Both of them are informal way.
For formal way, you should say 不可能 which intonation is relatively stronger.


----------



## SuperXW

儿 here only marks the r-coloring that added to 门, which is often omitted in writing, and will not change the meaning of the word.
Phonetically, whoever uses this dialectical word 没门儿 would almost always pronounce the r-coloring, or the 儿 sound.

One more thing you need to be careful is that 没门儿 is not always equal to "no way".
No way "Not a chance!" =没门儿
No way "Impossible! I can't believe it!" ≠没门儿


----------



## April fool

SuperXW said:


> 儿 here only marks the r-coloring that added to 门, which is often omitted in writing, and will not change the meaning of the word.
> Phonetically, whoever uses this dialectical word 没门儿 would almost always pronounce the r-coloring, or the 儿 sound.



So you're saying that even those who write 没门 (instead of 没门儿) would pronounce it with r-coloring? In other words, NOBODY pronounces it without r-coloring?


----------



## hxkart

April fool said:


> So you're saying that even those who write 没门 (instead of 没门儿) would pronounce it with r-coloring? In other words, NOBODY pronounces it without r-coloring?

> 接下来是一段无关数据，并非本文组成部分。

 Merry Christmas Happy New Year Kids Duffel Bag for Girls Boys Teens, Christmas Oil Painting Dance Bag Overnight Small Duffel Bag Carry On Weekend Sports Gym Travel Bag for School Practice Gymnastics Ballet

No, he doesn't mean that, you can choose to pronounce it when you are doing oral speaking.when you want to say没门just say 没门，when you want to say没门儿just say it.In China, when we are speaking, as fas as I am concerned,儿 can relieve the circumstances, make it not so serious,especially he or she is your friend,没门儿means no way but can tell your friend some feelings, like I am not angry.
没门 means no way also means I you are serious, you are certain that you won't agree.
Sth like that

but in writing,-儿 is actually informal.and in writing, we won't use 没门 anymore, itself is informal.


----------



## SuperXW

April fool said:


> So you're saying that even those who write 没门 (instead of 没门儿) would pronounce it with r-coloring? In other words, NOBODY pronounces it without r-coloring?

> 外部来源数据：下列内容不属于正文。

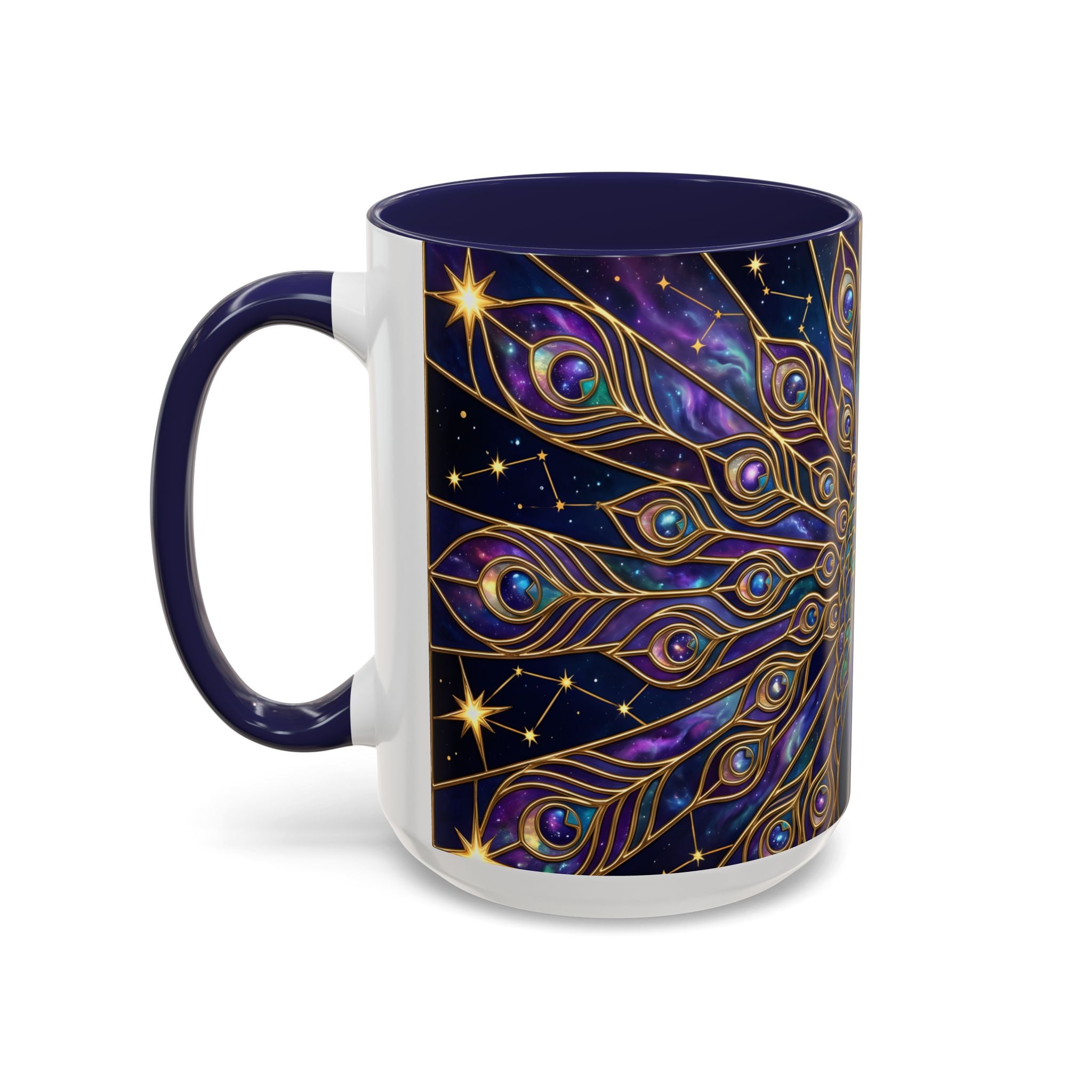 Celestial Peacock Stained Glass Style Mug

That's basically what I said and meant. "Phonetically, whoever uses this dialectical word 没门儿 would almost always pronounce the r-coloring, or the 儿 sound."
I can't ensure "NOBODY", so I used "almost". 
And I definitely don't have hxkart's experience...


----------



## April fool

SuperXW said:


> That's basically what I said and meant. "Phonetically, whoever uses this dialectical word 没门儿 would almost always pronounce the r-coloring, or the 儿 sound."
> I can't ensure "NOBODY", so I used "almost".
> And I definitely don't have hxkart's experience...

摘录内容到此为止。